Sorry for the very basic question (I'm new with Keras). I was wondering how Keras can calculate for each layer the number of parameters at an early stage (before fit) despite that model.summary shows that there are dimensions that still have None values at this stage. Are these values already determined in some way and if yes, why not show them in the summary?

I ask the question because I'm having a hard time figure out my "tensor shape bug" (I'm trying to determine the output dimensions of the the C5 block of my resnet50 model but I cannot see them in model.summary even if I see the number of parameters).

I give below an example based on C5_reduced layer in RetinaNet which is fed by C5 layer of Resnet50. The C5_reduced is

Conv2D(256,kernel_size=1,strides=1,pad=1)

Based on model.summary for this particular layer:

C5_reduced (Conv2D)    (None, None, None, 256)          524544

I've made the guess that C5 is (None,1,1,2048) because 2048*256+256 = 524544 (I don't know how to confirm or infirm that hypothesis). So if it's already known, why not show it on summary? If dimensions 2 and 3 would have been different, the number of parameters would have been different too right?

Solution

If you pass exact input shape to your very first layer or input layer on your network, you will have the output that you want. For instance I used input layer here:

input_1 (InputLayer)         [(None, 224, 224, 3)]     0         
_________________________________________________________________
block1_conv1 (Conv2D)        (None, 224, 224, 64)      1792      
_________________________________________________________________
block1_conv2 (Conv2D)        (None, 224, 224, 64)      36928

Passed input as (224,224,3). 3 represents the depth here.

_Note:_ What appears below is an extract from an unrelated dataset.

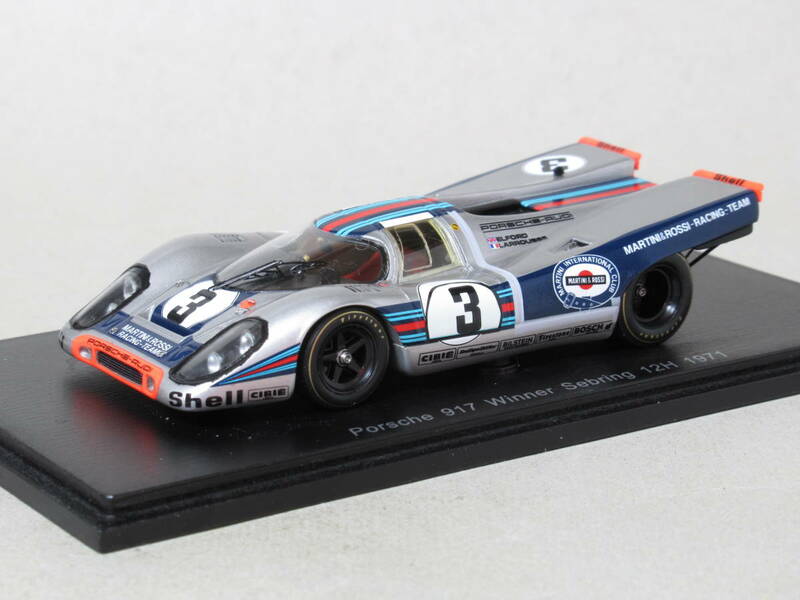 ポルシェ 917 #3 セブリング12時間 Winner 1971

Note that convolutional parameters' calculation differ from Dense layers' calculation.

If you do such following:

tf.keras.layers.Conv2D(16, (3,3), activation='relu', input_shape=(150, 150, 3))

You will see:

conv2d (Conv2D) ---> (None, 148, 148, 16)

Dimensions reduced to 148x148, in Keras padding is valid by default. Also strides is 1. Then the shape of output will be 148 x 148. (You can search for the formula.)

So then what are None values?

First None value is the batch size. In Keras first dimension is the batch size. You can pass them and make fixed, or you can determine them while fitting the model, or predicting.
In 2D convolution, the expected input is (batch_size, height, width, channels), you can also have shapes such as (None, None, None, 3), that means varying image sizes are allowed.

Edit:

tf.keras.layers.Input(shape = (None, None, 3)),
tf.keras.layers.Conv2D(16, (3,3), activation='relu')

Produces:

conv2d_21 (Conv2D)           (None, None, None, 16)    448

Regarding to your question, how are the parameters calculated even we passed image height & width as None?

Convolution parameters calculated according to:

(filter_height * filter_width * input_image_channels + 1) * number_of_filters

When we put them into formula,

filter_height = 3
filter_width = 3
input_image_channel = 3
number_of_filters = 16

Parameters = (3 x 3 x 3 + 1) * 16 = 28 * 16 = 448

Notice, we only needed input_image's channel number which is 3, representing that it is an RGB image.

If you want to calculate the params for later convolutions, you need to consider that the number of filters from previous layer becomes the number of channels for current layer's channel.

That's how you can end up having None params rather than batch_size. Keras needs to know if your image is RGB or not in that case. Or you won't specify the dimensions while creating the model and can pass them while fitting the model with the dataset.